Playlist: 10 TEDWomen talks for Earth Day

Earlier this week, I had the privilege and honor to plant trees with the daughter and granddaughter of environmentalist Wangari Maathai. In recognition of her life’s work promoting “sustainable development, democracy and peace,” Maathai received the 2004 Nobel Peace Prize. She was a lifelong activist who founded the Green Belt Movement in 1977.

At that time, rural women in Kenya petitioned the government for help. They explained that their streams were drying up, causing their food supplies to be less secure and longer walks to fetch firewood. Maathai established the Green Belt Movement and encouraged the women of Kenya to work together to grow seedlings and plant trees to bind the soil, store rainwater, provide food and firewood, and receive a small monetary token for their work. Through her efforts, over 51 million trees have been planted in Kenya. Although Maathai died in 2011, her daughter Wanjira continues her work improving the livelihoods of the women of Kenya and striving for a “cleaner, greener world.”

This Earth Day, the work of Professor Maathai and the Green Belt Movement is an inspiration and a “testament to the power of grassroots organizing, proof that one person’s simple idea — that a community should come together to plant trees, can make a difference.”

With that in mind, here are 10 TEDWomen talks from over the years that highlight innovative ideas, cutting-edge science, and the power that each of us has to safeguard our planet and make our world better for everyone.

1. Climate change is unfair.
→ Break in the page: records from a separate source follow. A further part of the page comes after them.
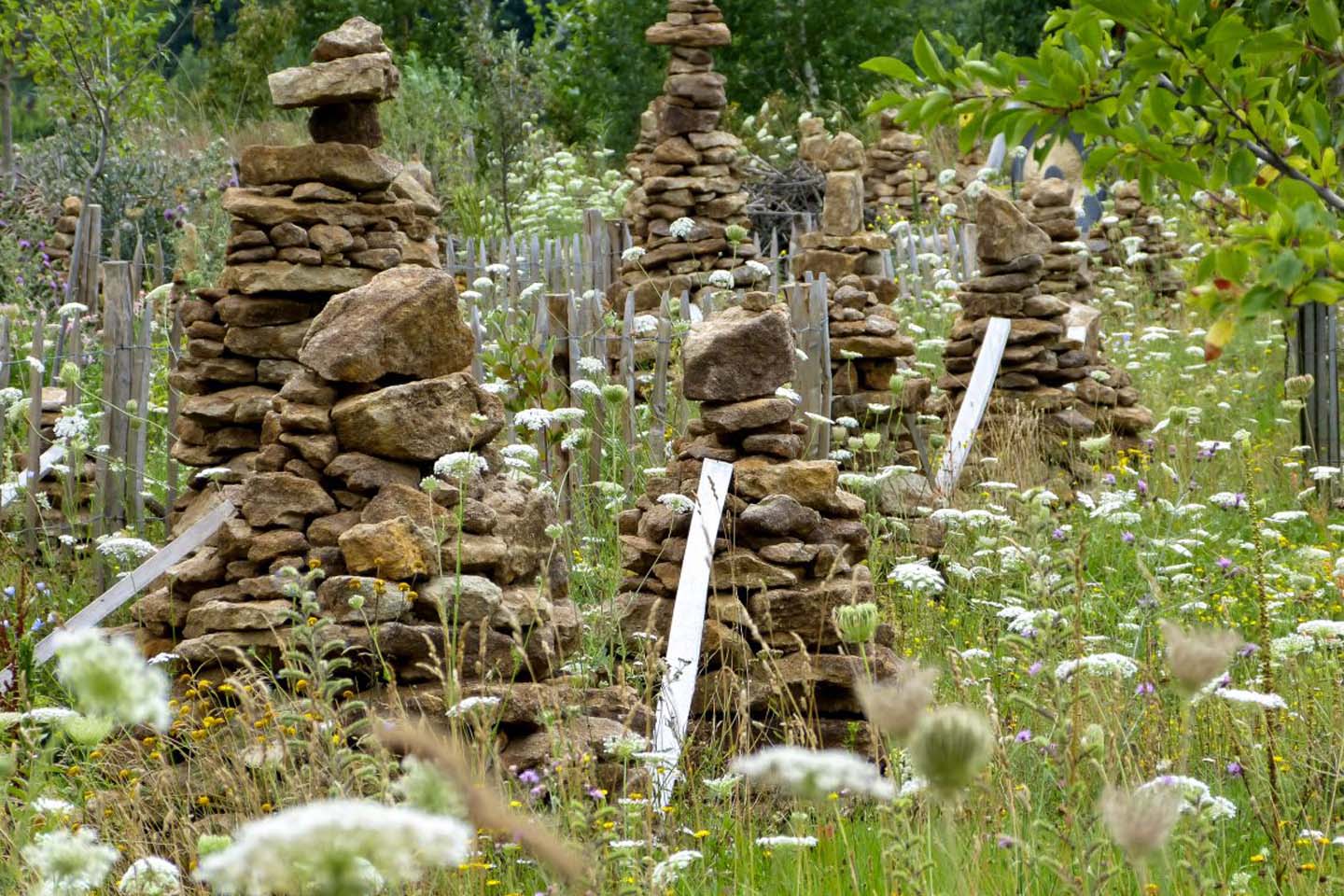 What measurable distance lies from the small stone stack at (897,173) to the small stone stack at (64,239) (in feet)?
26.1

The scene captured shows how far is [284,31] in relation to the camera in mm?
26047

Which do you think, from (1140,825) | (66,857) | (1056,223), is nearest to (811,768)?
(1140,825)

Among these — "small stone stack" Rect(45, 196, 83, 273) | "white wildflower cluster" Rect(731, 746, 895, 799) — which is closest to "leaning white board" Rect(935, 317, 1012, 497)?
"white wildflower cluster" Rect(731, 746, 895, 799)

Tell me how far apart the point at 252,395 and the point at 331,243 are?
2.32 feet

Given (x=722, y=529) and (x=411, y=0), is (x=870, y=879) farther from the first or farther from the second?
(x=411, y=0)

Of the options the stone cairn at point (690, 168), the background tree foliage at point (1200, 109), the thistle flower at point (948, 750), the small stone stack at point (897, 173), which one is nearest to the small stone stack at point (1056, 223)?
the stone cairn at point (690, 168)

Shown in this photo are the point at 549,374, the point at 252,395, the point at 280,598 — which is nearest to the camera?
the point at 280,598

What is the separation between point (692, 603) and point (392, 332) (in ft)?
3.97

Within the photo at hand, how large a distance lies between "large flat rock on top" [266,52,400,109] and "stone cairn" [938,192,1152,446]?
143 inches

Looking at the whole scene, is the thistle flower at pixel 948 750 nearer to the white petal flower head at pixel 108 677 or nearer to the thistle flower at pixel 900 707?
the thistle flower at pixel 900 707

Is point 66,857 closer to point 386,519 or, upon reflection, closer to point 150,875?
point 150,875

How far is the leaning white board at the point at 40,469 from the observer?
612 cm

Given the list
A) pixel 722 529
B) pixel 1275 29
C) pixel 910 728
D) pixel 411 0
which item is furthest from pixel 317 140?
pixel 411 0

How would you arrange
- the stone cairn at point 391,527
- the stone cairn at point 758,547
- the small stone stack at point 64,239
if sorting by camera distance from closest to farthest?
the stone cairn at point 391,527 < the stone cairn at point 758,547 < the small stone stack at point 64,239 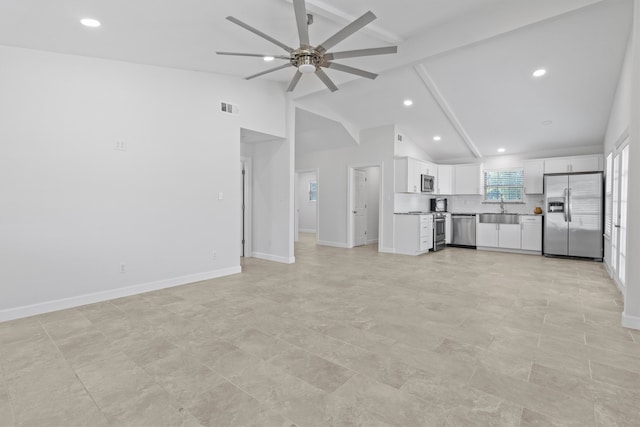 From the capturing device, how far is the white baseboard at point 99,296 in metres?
3.27

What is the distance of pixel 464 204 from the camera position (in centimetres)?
863

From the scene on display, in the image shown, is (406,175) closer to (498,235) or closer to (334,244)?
(334,244)

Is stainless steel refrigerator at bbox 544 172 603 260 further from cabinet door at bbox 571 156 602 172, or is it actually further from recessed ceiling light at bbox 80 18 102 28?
recessed ceiling light at bbox 80 18 102 28

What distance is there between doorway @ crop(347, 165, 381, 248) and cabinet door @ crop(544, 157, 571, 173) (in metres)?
3.70

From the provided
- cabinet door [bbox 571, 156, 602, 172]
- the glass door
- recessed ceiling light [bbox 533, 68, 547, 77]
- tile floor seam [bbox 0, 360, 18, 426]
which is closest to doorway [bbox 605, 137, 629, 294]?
the glass door

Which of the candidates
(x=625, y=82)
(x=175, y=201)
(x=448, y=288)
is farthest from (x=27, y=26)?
(x=625, y=82)

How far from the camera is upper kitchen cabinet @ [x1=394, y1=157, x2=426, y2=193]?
7.16m

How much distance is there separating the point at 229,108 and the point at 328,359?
161 inches

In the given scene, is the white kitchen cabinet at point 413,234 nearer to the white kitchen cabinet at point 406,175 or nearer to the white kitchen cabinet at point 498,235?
the white kitchen cabinet at point 406,175

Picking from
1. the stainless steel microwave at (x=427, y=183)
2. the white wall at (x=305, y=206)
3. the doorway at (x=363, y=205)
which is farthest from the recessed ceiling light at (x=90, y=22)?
the white wall at (x=305, y=206)

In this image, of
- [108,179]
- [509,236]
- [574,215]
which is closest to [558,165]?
[574,215]

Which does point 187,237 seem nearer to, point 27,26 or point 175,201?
point 175,201

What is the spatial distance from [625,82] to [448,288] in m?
3.36

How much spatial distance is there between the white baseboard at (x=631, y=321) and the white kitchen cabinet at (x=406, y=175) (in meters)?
4.52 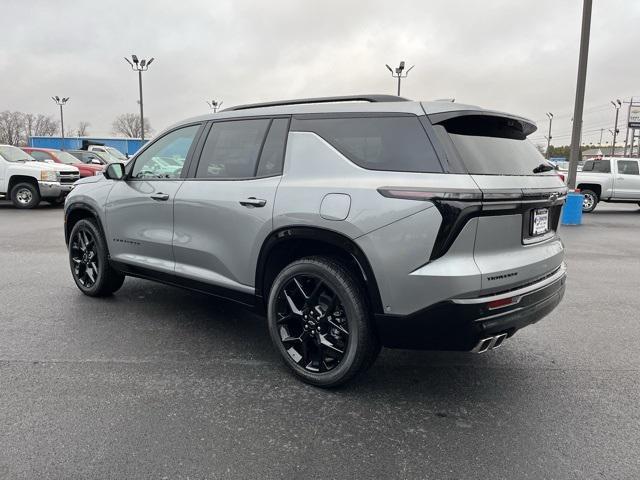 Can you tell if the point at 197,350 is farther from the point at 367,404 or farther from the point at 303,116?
the point at 303,116

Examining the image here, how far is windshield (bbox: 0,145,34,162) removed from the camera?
14078 millimetres

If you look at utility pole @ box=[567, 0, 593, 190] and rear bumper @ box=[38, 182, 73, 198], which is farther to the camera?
rear bumper @ box=[38, 182, 73, 198]

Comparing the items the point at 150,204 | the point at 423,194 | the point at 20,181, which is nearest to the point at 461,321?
the point at 423,194

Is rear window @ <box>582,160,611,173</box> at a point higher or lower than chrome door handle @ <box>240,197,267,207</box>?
higher

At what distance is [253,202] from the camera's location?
343cm

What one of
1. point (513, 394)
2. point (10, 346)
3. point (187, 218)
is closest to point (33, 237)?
point (10, 346)

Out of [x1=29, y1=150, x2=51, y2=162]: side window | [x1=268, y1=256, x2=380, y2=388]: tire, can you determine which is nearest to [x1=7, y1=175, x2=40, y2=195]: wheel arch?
[x1=29, y1=150, x2=51, y2=162]: side window

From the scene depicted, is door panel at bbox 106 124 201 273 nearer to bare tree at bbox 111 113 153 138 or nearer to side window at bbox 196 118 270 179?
side window at bbox 196 118 270 179

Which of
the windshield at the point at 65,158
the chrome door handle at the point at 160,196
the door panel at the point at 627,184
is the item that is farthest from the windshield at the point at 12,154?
the door panel at the point at 627,184

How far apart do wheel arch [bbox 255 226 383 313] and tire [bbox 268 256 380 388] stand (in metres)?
0.09

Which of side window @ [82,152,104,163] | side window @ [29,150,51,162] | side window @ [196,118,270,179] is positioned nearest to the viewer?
side window @ [196,118,270,179]

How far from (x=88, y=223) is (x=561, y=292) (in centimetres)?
437

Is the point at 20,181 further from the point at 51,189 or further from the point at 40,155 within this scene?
the point at 40,155

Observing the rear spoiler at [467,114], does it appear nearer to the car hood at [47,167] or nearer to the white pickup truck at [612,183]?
the car hood at [47,167] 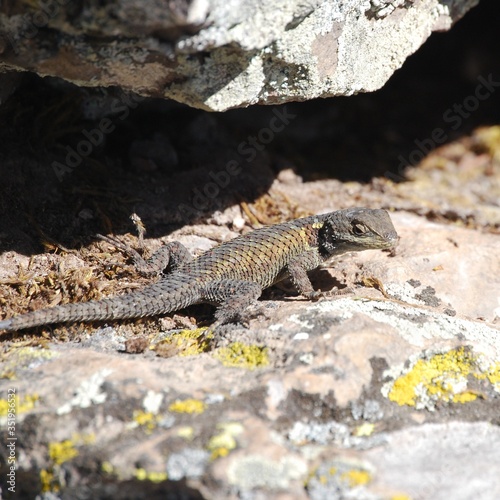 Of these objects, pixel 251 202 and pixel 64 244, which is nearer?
pixel 64 244

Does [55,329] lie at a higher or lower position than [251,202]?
lower

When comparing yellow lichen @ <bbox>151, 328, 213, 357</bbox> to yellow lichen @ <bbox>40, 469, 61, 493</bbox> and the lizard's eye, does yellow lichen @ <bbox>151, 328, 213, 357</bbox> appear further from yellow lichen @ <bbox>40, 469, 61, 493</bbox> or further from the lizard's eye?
the lizard's eye

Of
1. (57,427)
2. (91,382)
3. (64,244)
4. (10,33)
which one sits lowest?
(57,427)

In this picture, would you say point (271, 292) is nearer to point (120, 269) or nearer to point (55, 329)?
point (120, 269)

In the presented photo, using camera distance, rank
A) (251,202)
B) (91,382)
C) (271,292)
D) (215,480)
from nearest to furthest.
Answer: (215,480)
(91,382)
(271,292)
(251,202)

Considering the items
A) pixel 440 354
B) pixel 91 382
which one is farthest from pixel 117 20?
pixel 440 354

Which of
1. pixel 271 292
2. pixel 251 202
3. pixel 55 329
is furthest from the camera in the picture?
pixel 251 202

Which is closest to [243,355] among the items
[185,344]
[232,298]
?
[185,344] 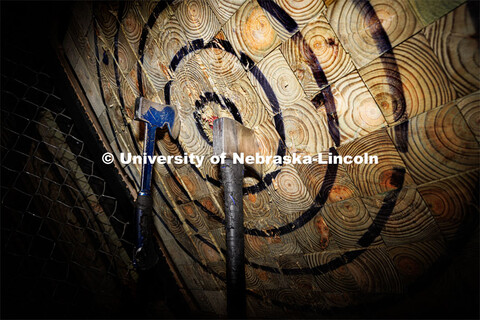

While rich countries can fight against rising oceans and dying farm fields, poor people around the world are already having their lives upended — and their human rights threatened — by killer storms, starvation and the loss of their own lands. Mary Robinson asks us to join the movement for worldwide climate justice.

2. Ocean expert Nancy Rabalais tracks the ominously named “dead zone” in the Gulf of Mexico — where there isn’t enough oxygen in the water to support life. The Gulf has the second largest dead zone in the world; on top of killing fish and crustaceans, it’s also killing fisheries in these waters. Rabalais tells us about what’s causing it — and how we can reverse its harmful effects and restore one of America’s natural treasures.

3. Filmmaker Penelope Jagessar Chaffer was curious about the chemicals she was exposed to while pregnant: Could they affect her unborn child? So she asked scientist Tyrone Hayes to brief her on one he studied closely: atrazine, a herbicide used on corn. (Hayes, an expert on amphibians, is a critic of atrazine, which displays a disturbing effect on frog development.) Onstage together at TEDWomen, Hayes and Chaffer tell their story.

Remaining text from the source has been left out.